WHAT THIS TASK INVOLVES →
Take the lines from the one with "INSMY C12 IP67" through the end of the material below and repeat them exactly, dropping every picture.

MATERIAL PROVIDED →

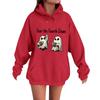 Women's Casual Fashion Comfortable Round Neck With Hood Long Sleeve Halloween Print Warm Sweatshirt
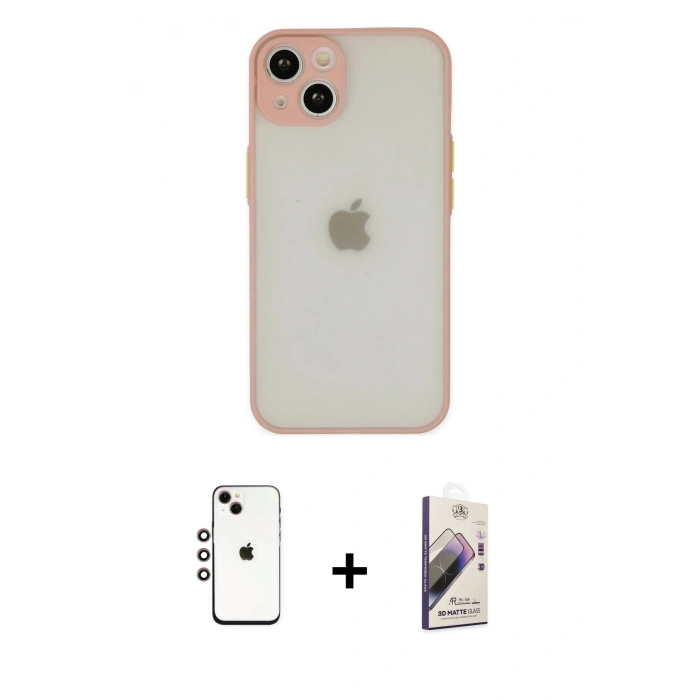 MARSİLYAN™- iPhone 14 Kılıf Ahenk Çizgi Serisi - Siyah Bilvis 3D Mat Cam Ekran Koruyucu + Shine Kamera Lens - GI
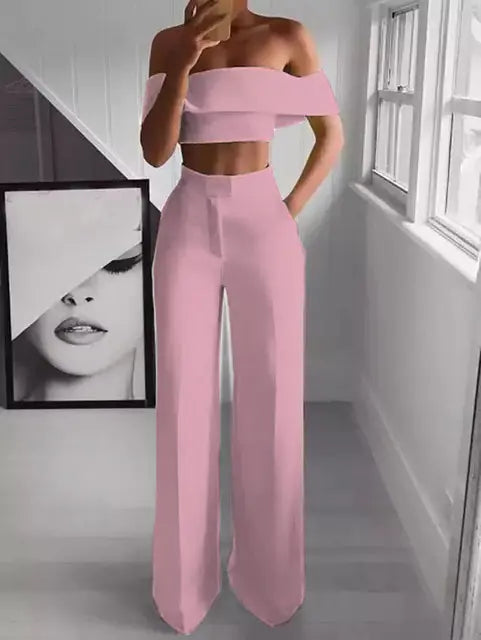 Cropped Top + Trousers Set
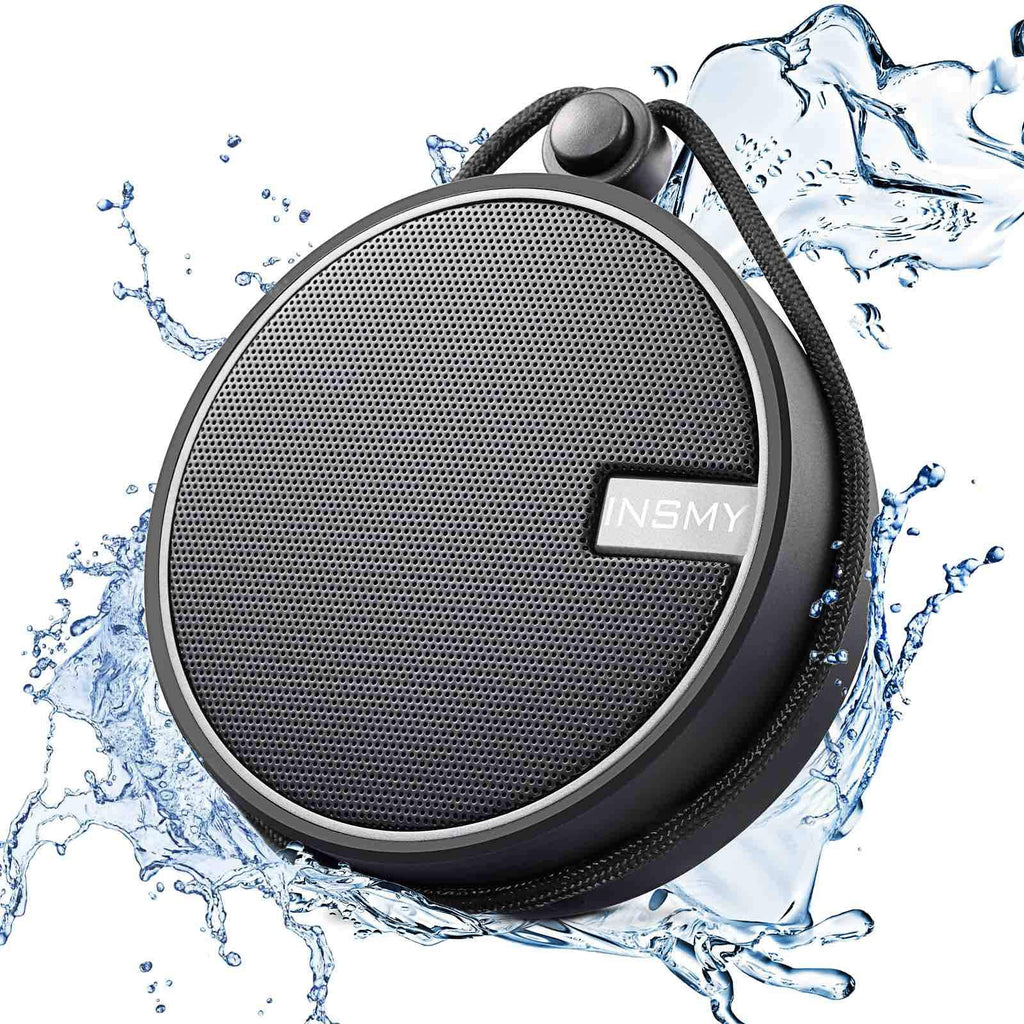 INSMY C12 IP67 Waterproof Shower Bluetooth Speakers Portable Small Speaker | Speakers Bluetooth Wireless,Loud Clear Sound,Support TF Card,Suction Cup,for Outdoor Kayak Canoe Beach Gift (Black)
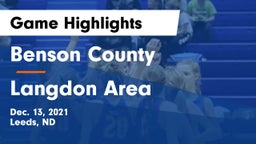 Benson County  vs Langdon Area  Game Highlights - Dec. 13, 2021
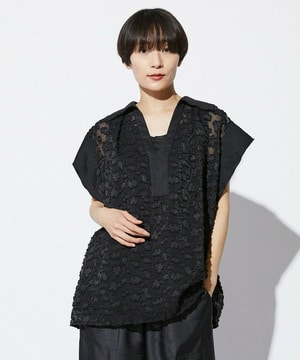 【MOGA Collection】【Lサイズ】MOGA Collection　フラワーカットジャガードブラウス 詳細画像 ブラック 2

RESPONSE →
 INSMY C12 IP67 Waterproof Shower Bluetooth Speakers Portable Small Speaker | Speakers Bluetooth Wireless,Loud Clear Sound,Support TF Card,Suction Cup,for Outdoor Kayak Canoe Beach Gift (Black)
 Benson County  vs Langdon Area  Game Highlights - Dec. 13, 2021
 【MOGA Collection】【Lサイズ】MOGA Collection　フラワーカットジャガードブラウス 詳細画像 ブラック 2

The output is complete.